• **Exercise**
Taking the line with "397 - A silver-plated" as the first and the line with "Boarding pass concept" as the last, set down the lines below exactly, pictures excluded.

• **Data for the task**
◇ ◇ ◇ ◇ ◇ ◇ ◇
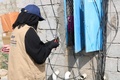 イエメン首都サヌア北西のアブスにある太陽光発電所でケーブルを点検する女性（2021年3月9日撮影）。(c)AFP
◇ ◇ ◇ ◇ ◇ ◇ ◇
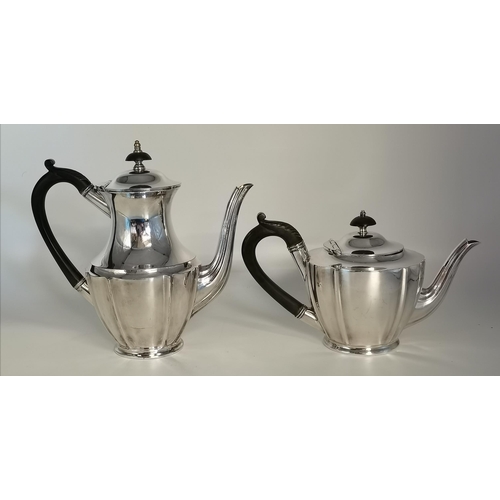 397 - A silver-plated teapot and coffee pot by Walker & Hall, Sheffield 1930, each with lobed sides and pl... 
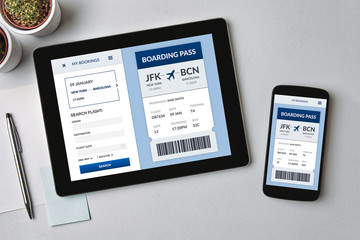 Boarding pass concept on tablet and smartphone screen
◇ ◇ ◇ ◇ ◇ ◇ ◇
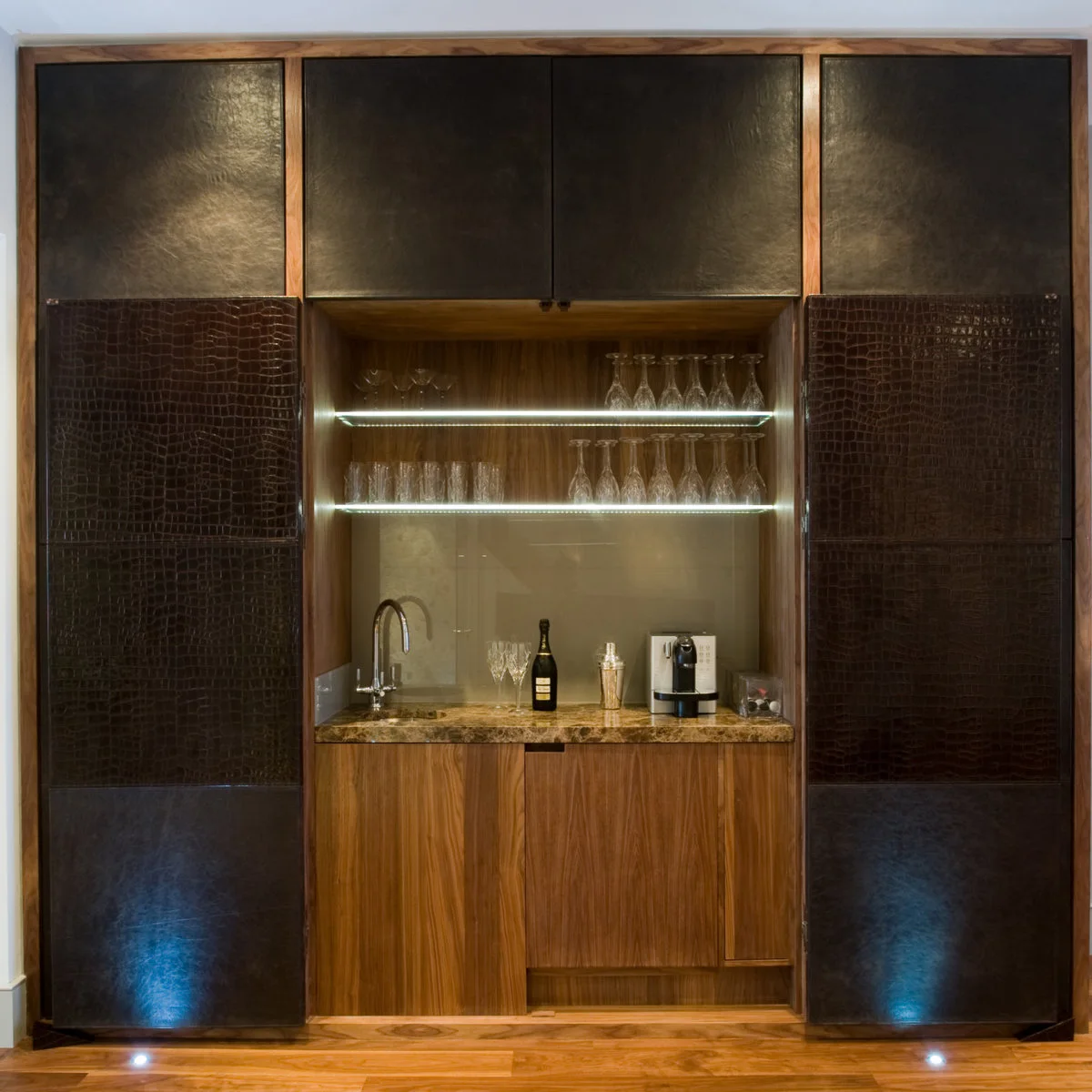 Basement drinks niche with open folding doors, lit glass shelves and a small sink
◇ ◇ ◇ ◇ ◇ ◇ ◇
• **Written answer**
 397 - A silver-plated teapot and coffee pot by Walker & Hall, Sheffield 1930, each with lobed sides and pl... 
 Boarding pass concept on tablet and smartphone screen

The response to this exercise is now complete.